床には、砕け散った陶磁器の破片や、無残に引き裂かれたタペストリーが散乱している。高価な黒檀の机には、昨夜の激情の跡である、深い剣の傷跡が、生々しく刻まれていた。
その、無惨な部屋の中心に、ユリウス・テオ・ド・ラ・ファイエットは、ただ一人、立っていた。
彼の、完璧に着こなされていたはずの純白の軍服は、今はもう、皺だらけになり、胸元のサファイアのブローチは、いつの間にか、どこかへ消え失せていた。完璧な金髪は乱れ、その美しい顔には、隈が、深く、青黒い影を落としている。
彼は、眠っていなかった。
眠れるはずが、なかった。
瞼を閉じれば、脳裏に浮かぶのは、あの、処刑台の上に残された、一枚のカード。ヴァレンシュタイン家の、気高き鷲の紋章。
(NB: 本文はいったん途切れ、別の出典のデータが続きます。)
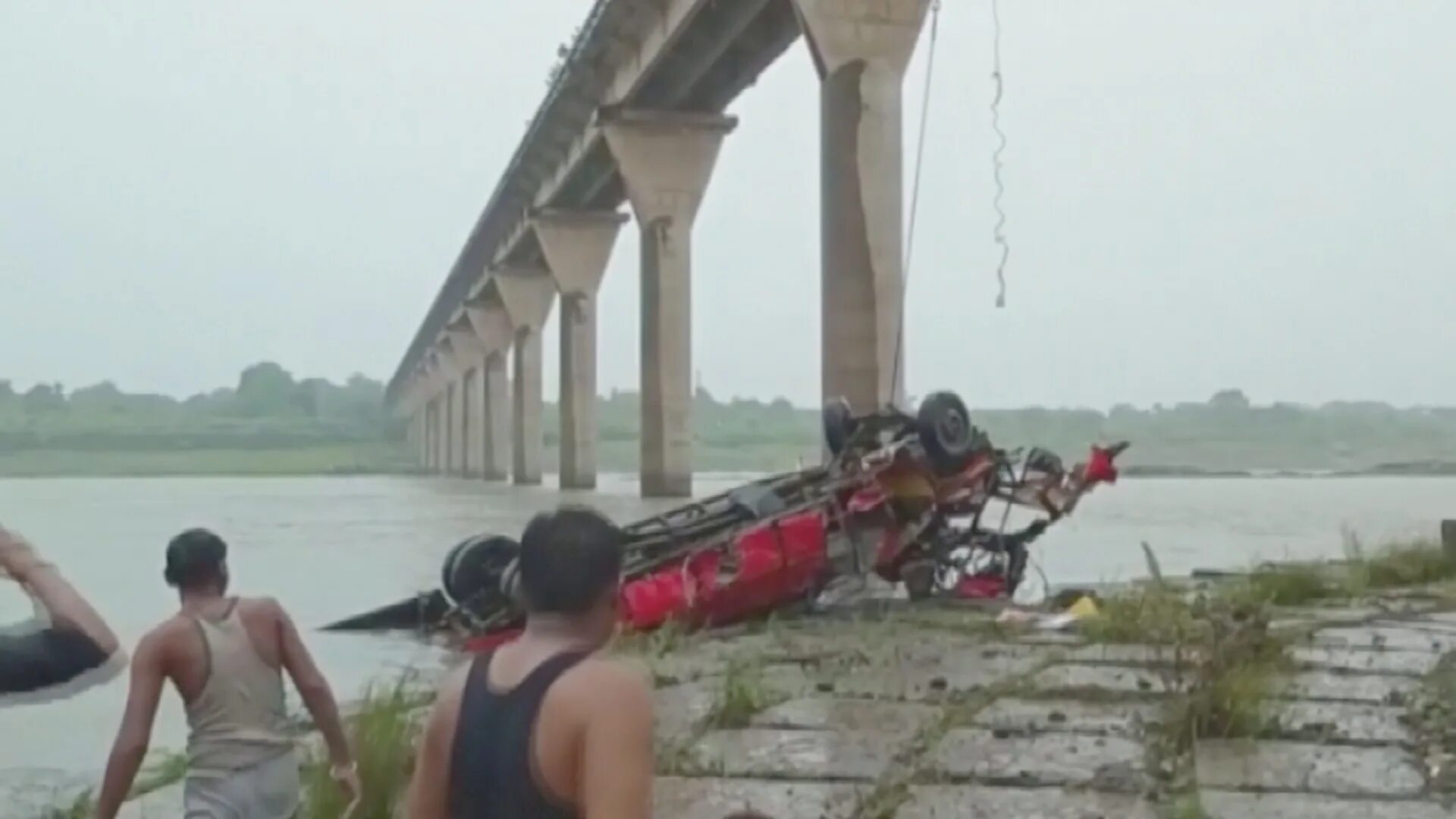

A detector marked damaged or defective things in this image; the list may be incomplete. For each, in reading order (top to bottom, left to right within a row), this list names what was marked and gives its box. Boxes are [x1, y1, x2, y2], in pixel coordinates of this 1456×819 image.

overturned red vehicle [325, 391, 1134, 652]
crumpled wreckage [331, 391, 1128, 652]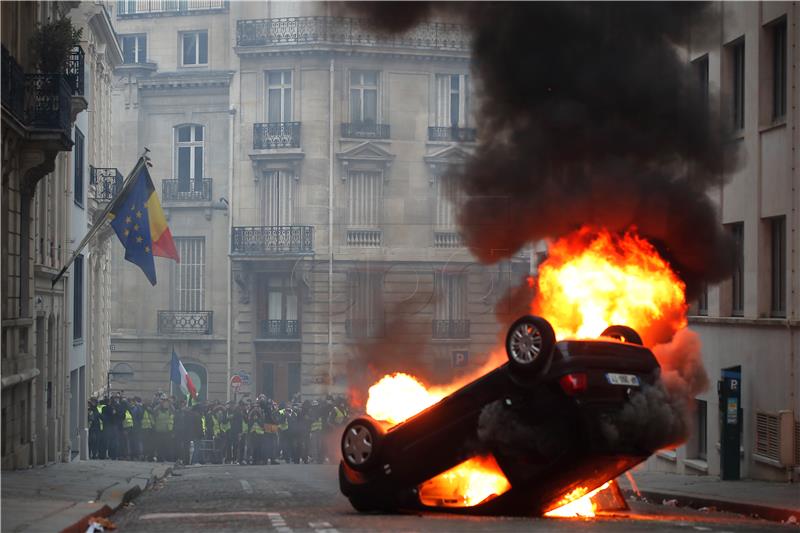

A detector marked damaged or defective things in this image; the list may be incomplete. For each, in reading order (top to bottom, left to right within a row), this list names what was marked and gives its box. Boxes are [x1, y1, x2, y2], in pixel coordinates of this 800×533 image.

overturned burning car [340, 314, 660, 512]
それは、彼のプライドを、彼の存在意義を、根こそぎ奪い去った、悪魔の刻印だった。
(なぜだ……なぜ、こうなった……)
彼の思考は、同じ場所を、ぐるぐると、回り続ける。
完璧だったはずだ。わたくしの計画は、わたくしの世界は、完璧だったはずなのに。
あの女。
あの、イザベラ・フォン・ヴァレンシュタイン。
ただの、美しく、従順な、人形ではなかったのか。わたくしの権威を飾り立てるための、最高のアクセサリーではなかったのか。
いつからだ。
いつから、あの女は、わたくしの理解を超える、化け物になってしまったのだ。
いや、違う。
もしかしたら、初めから、そうだったのかもしれない。
わたくしが、気づかなかっただけ。あの女が、その本性を、完璧な仮面の下に、隠し続けていただけ。
そして、わたくしは、その仮面の上っ面だけを撫でて、全てを支配した気になっていた、愚かな、道化に過ぎなかったのだ。
その、耐えがたい自己認識が、彼の心を、じりじりと、焼き焦がしていく。
「……父上は、何と?」
ユリウスは、部屋の隅で、石像のように控えていた側近、ロズワールに、かすれた声で尋ねた。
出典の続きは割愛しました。